Roglit, l’histoire d’un mémorial

 
 
L’arrivée au mémorial de la déportation française a quelque chose de prenant. Situé au sommet d’une butte, en bordure de route près du moshav de Neve Michaël, le site apparaît imposant. Dans une belle région d’Israël, constituée de champs de culture et de charmants paysages, la forêt de Roglit dégage une atmosphère douce et paisible, à l’écart des tumultes de la ville. Ce qui attire l’oeil immédiatement, c’est ce grand bandeau en pierre incurvé, surplombant la butte, qui s’étend sur 35 mètres de longueur et 4 mètres de haut, avec les inscriptions en noir et lettres capitales « Mémorial des déportés juifs de France ».

Sur ce long mur près de Jérusalem, sont inscrits l’ensemble des déportés juifs français de la Shoah selon ce modèle : (par ordre alphabétique) Nom, Prénom, date de naissance, n° du convoi, date d’arrestation, date de décès.
Ces différentes archives sont reproduites sur des plaques en fibre de verre dont l’entretien doit être fait régulièrement, car fragilisées, et parfois effacées, à cause du soleil. L’aluminium comme support avait au départ été envisagé, mais par risque de vol au vu du prix du métal, l’idée a avorté.

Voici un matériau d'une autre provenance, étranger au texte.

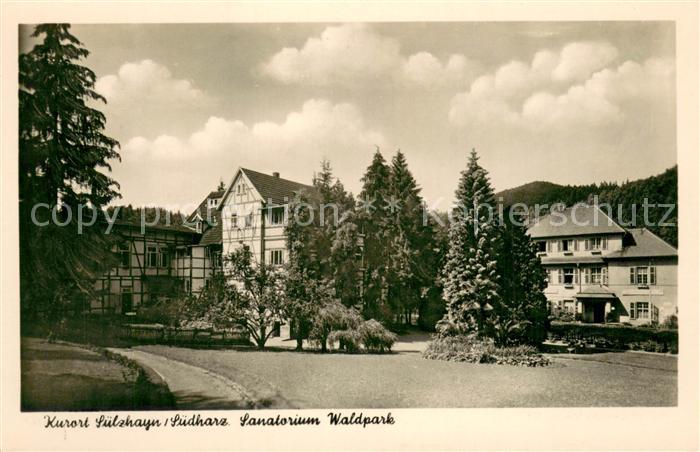 Suelzhayn Sanatorium Waldpark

A l’avant du monument, se trouvent au sol des plaques commémoratives, apportées par les familles. Sur chacune est écrit un message rendant hommage aux victimes.
Inscrit sur l’une d’elle, un hommage d’Ida Moskovitz à ses frères Henri (10 ans) et Maurice (8 ans), morts durant la Shoah. Auparavant faites en bronze, elles sont aujourd’hui en pierre pure, à cause des vols.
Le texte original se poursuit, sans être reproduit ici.